Di notte la città araba di Algeri è animatissima. Quando scende la sera Tunisi è morta.

Viaggio in Tunisia (101 pagine, 10 euro), tradotto da Marta Paris, raccoglie tre pezzi di Maupassant, non un semplice diario di bordo su luoghi che in precedenza erano stati battuti anche da Flaubert (maestro e amico di Maupassant) e Gide, ma a tutti gli effetti l’opera di un acuto osservatore e narratore, che ha riverberi in più di un racconto e anche nel romanzo Bel-Ami. Nel breve ed efficacissimo ritratto che Guy de Maupassant fa di Algeri, in apertura di volume, è la dimensione religiosa, musulmana, a colpirlo («Nessun’altra religione è stata mai così incarnata in un essere umano»), ma anche la condizione della donna («Dio è troppo lontano, troppo elevato, troppo elevato per loro»). Più ci si addentra in questo testo piccolo e prezioso, più la sensazione è che lo scrittore francese, fotografando territori così complessi già più di un secolo fa, non si abbandoni mai del tutto alla realtà e nemmeno alla finzione. Modernissimo anche in questo. Tunisi, visitata dalle principali strade al manicomio, è «sorprendente e seducente», circondata da resti e rovine di varie città morte, risalenti all’antichità, ma anche da immondizia, cloache, aria avvelenata da miasmi. Ma soprattutto Tunisi è «uno dei rari posti nel mondo in cui l’ebreo sembra a casa sua come se avesse una patria».

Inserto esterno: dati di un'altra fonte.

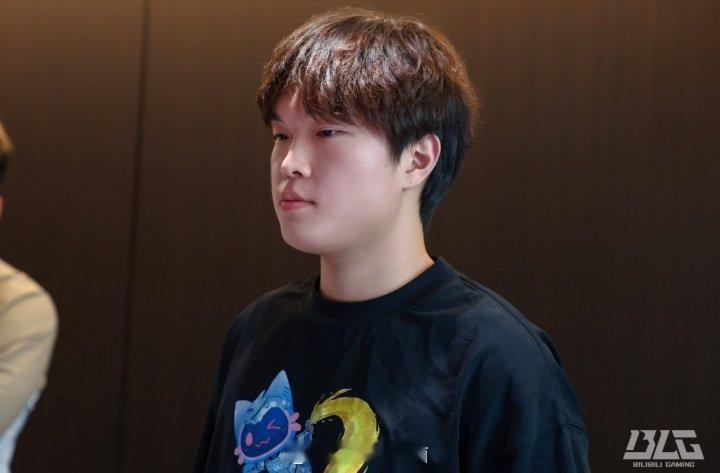 BLG大场两连胜信誉分再+1！BLG豪取两连胜！此前Bin曾表示想全胜晋级MSI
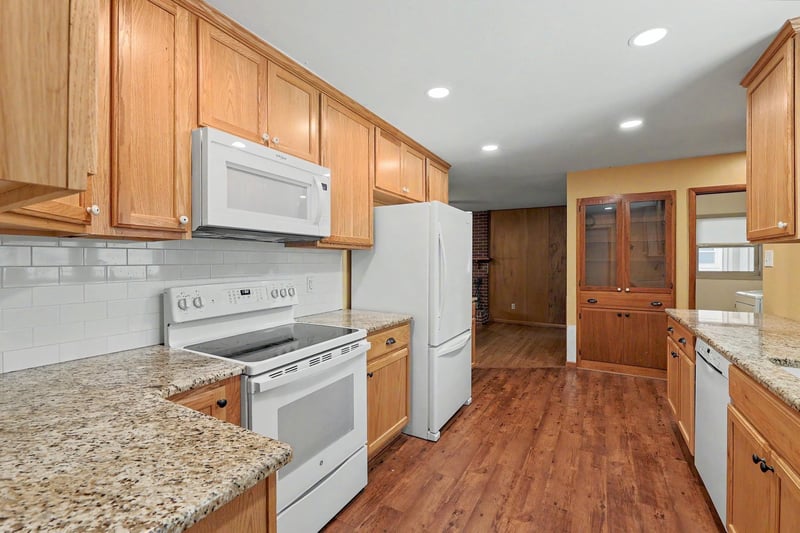 713 N Farmington Dr, Derby, KS 67037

Conquiste della madrepatria e… conseguenze

È un volume di incontri, di brulicante umanità e spettacoli della natura, di danze del ventre e di souk, di pastori che suonano flauti e di case di tolleranza, L’itinerario di un vagabondaggio perenne viene disegnato con maestria da un affascinato Maupassant, la cui tappa conclusiva è la città di Kairouan, con la moschea Djama-Kebir, «bella di una bellezza inspiegabile e selvaggia».

Al mondo conosco solo tre edifici religiosi che mi abbiano dato la stessa emozione inattesa e folgorante di questo monumento barbaro e sorprendente: Mont-Saint-Michel, San Marco a Venezia e la Cappella Palatina a Palermo.

Sono anche scritti politici, questi reportage maghrebini di un curioso Maupassant, affascinato dalla cultura locale e da quello che ai suoi occhi è esotismo puro. Proprio nel diciannovesimo secolo Algeria e Tunisia erano state conquistate dalla Francia, diventando a tutti gli effetti colonie. E non è possibile chiudere gli occhi e ignorare quel che è successo, con un giudizio che non è prioritario nell’economia dei reportage, forse non è così netto ed esplicito, ma è certamente critico nei confronti della madrepatria, e delle conseguenze del sistema coloniale sul piano sociale ed economico di quei territori. La casa editrice Abbot conferma la vocazione alla qualità: pochi preziosi titoli, riscoperte di libri dimenticati o piccoli contributi di grandi autori.